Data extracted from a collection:
════════════════════

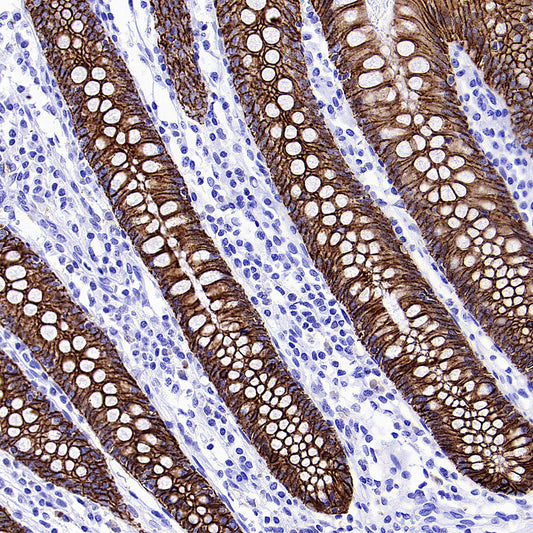 CDH17 Recombinant Rabbit mAb (SDT-3276-11)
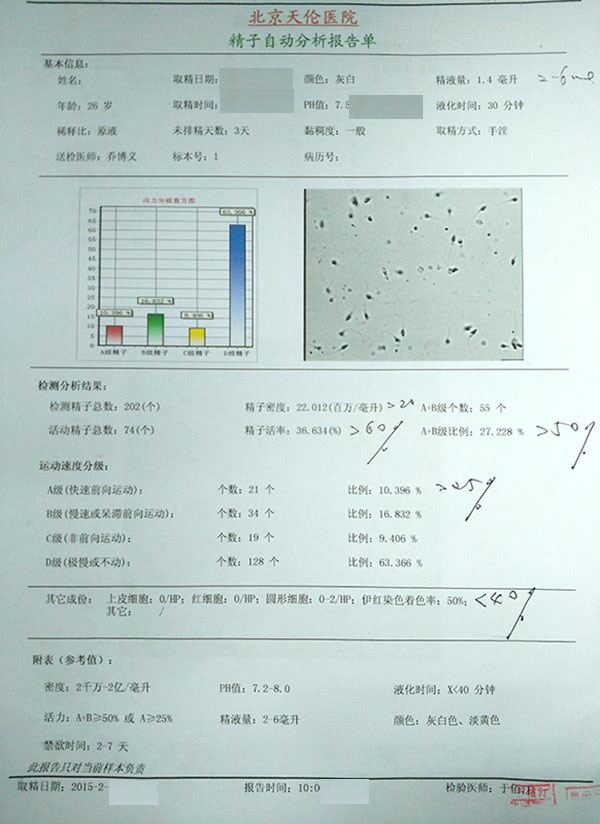 北京天伦不孕不育医院精子自动分析报告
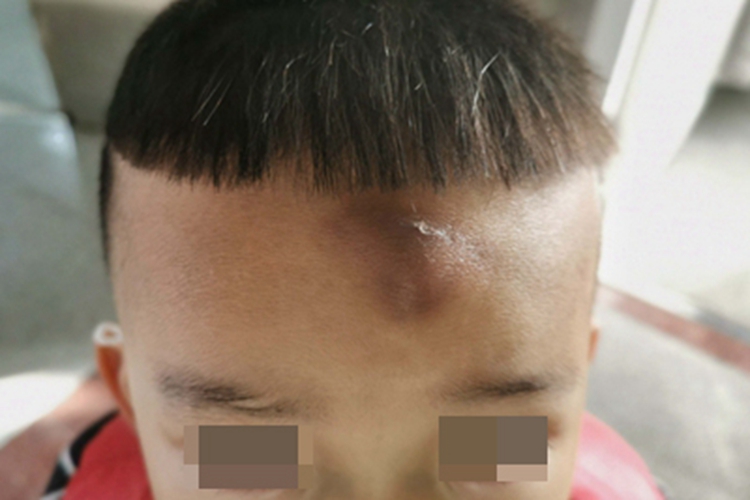皮下血肿前额症状图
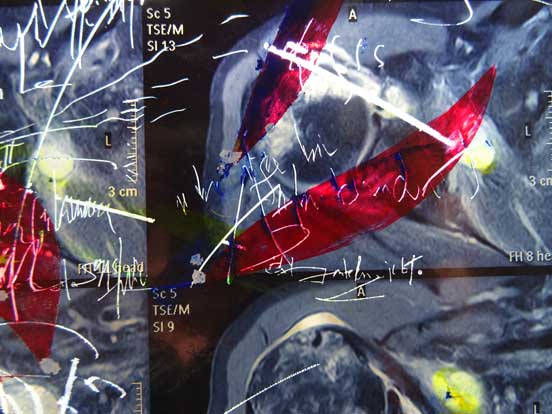 Walter Stach: for Jochen. 2016. Reworked x-ray. Detail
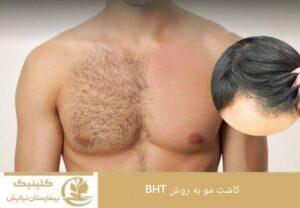 کاشت مو به روش BHT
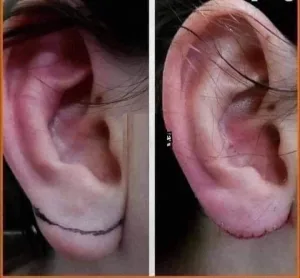 حقيقـة بيع شحمة الأذن بـ20 مليون دولارخبير يوضح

════════════════════

▶ REQUIRED WORK:
Skip the pictures and reproduce all remaining entries exactly.

▶ SOLUTION TO THE EXERCISE:
 CDH17 Recombinant Rabbit mAb (SDT-3276-11)
 北京天伦不孕不育医院精子自动分析报告
皮下血肿前额症状图
 Walter Stach: for Jochen. 2016. Reworked x-ray. Detail
 کاشت مو به روش BHT
 حقيقـة بيع شحمة الأذن بـ20 مليون دولارخبير يوضح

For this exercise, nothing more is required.